Exclude the pictures and reproduce the remaining data exactly as written.
======== Dataset section
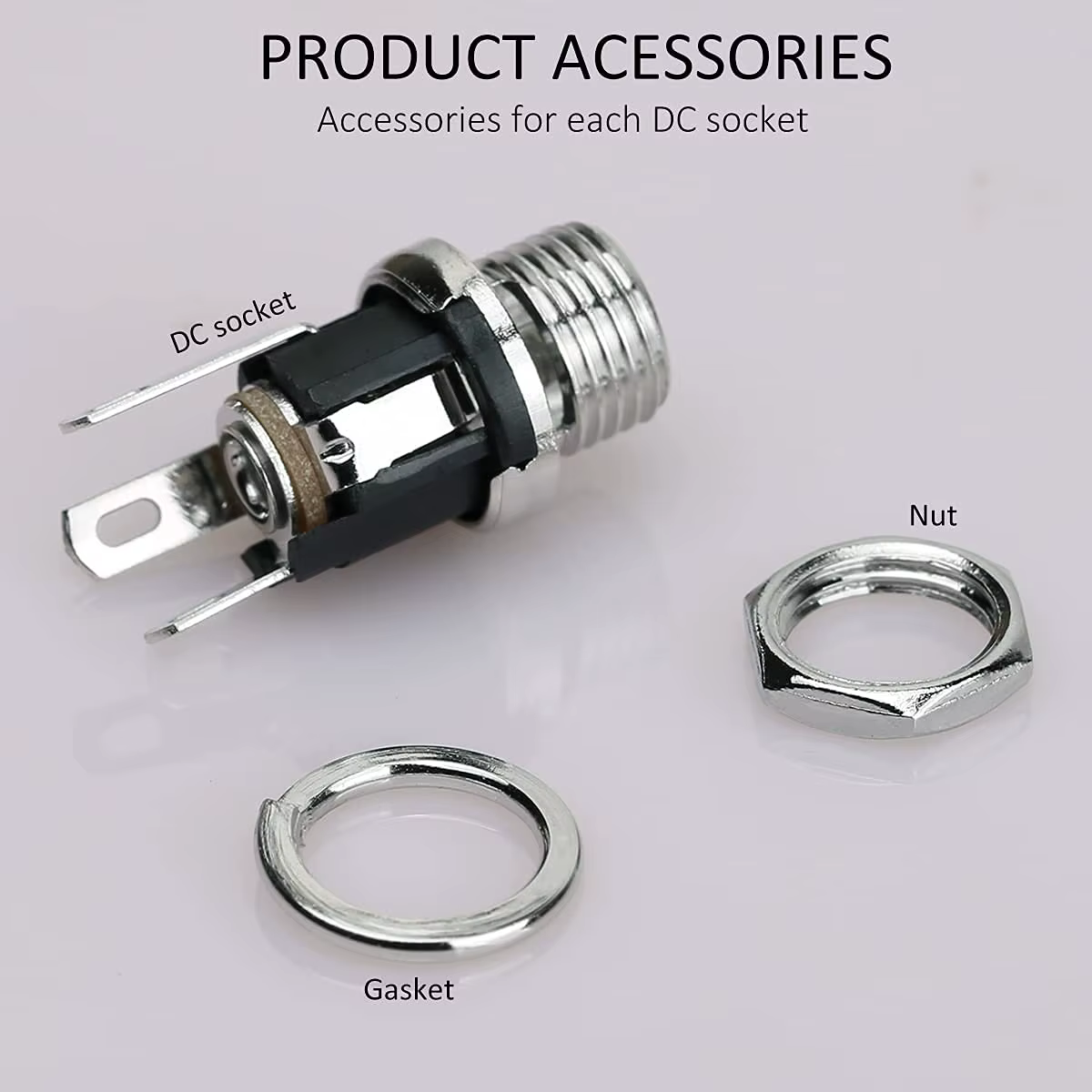 10 paires de prises d'alimentation cc, connecteur femelle à montage sur panneau, 3 broches 5.5x2.1mm avec 5.5mm x 2.1mm, prise d'alimentation cc mâle à monter soi-même
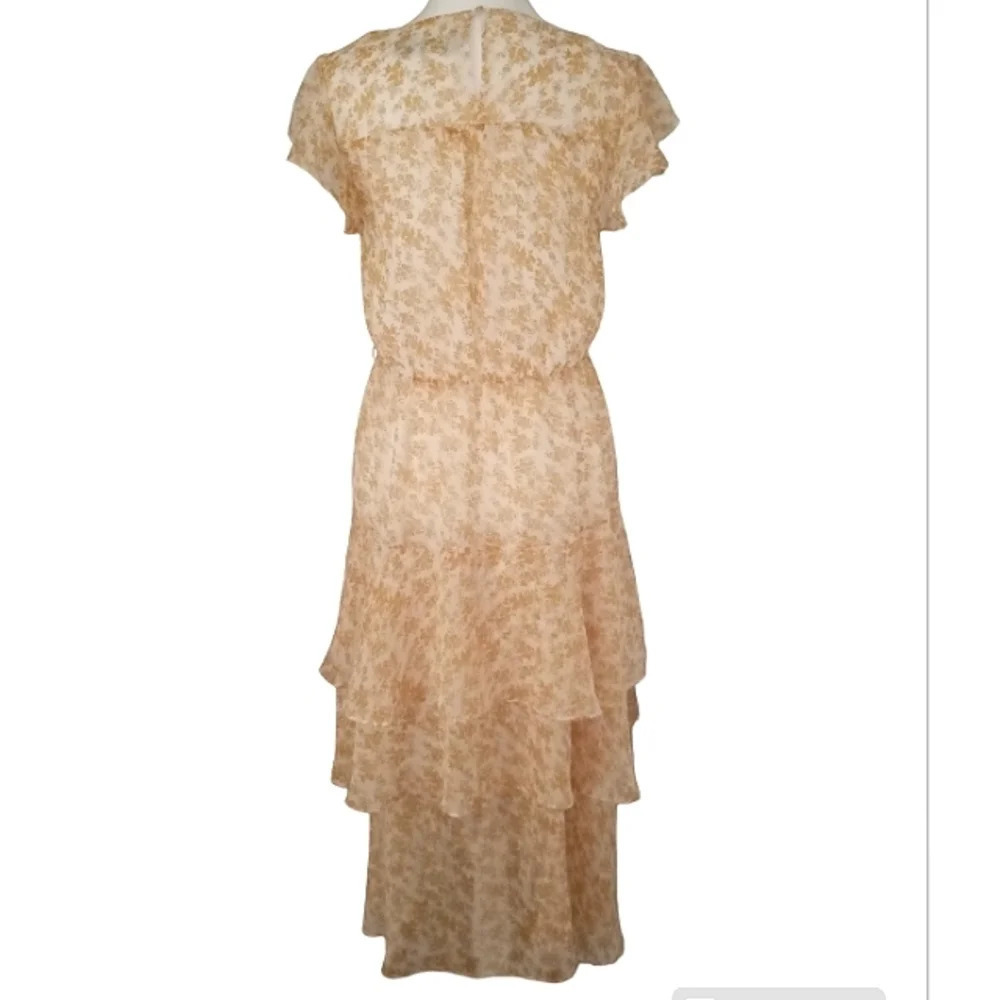 Revolve Mink Pink Gold White Floral Cottagecore Tiered Lana Dress Size Small - Picture 6 of 8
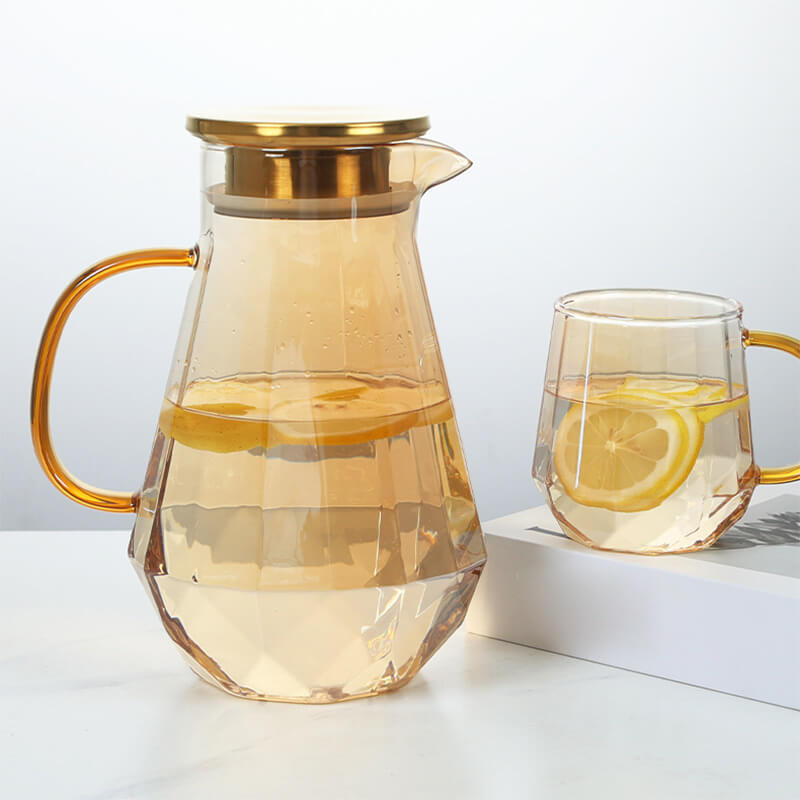 Colored Glass Water Tap Jug With Stainless Steel Lid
================
Exercise answer:
 10 paires de prises d'alimentation cc, connecteur femelle à montage sur panneau, 3 broches 5.5x2.1mm avec 5.5mm x 2.1mm, prise d'alimentation cc mâle à monter soi-même
 Revolve Mink Pink Gold White Floral Cottagecore Tiered Lana Dress Size Small - Picture 6 of 8
 Colored Glass Water Tap Jug With Stainless Steel Lid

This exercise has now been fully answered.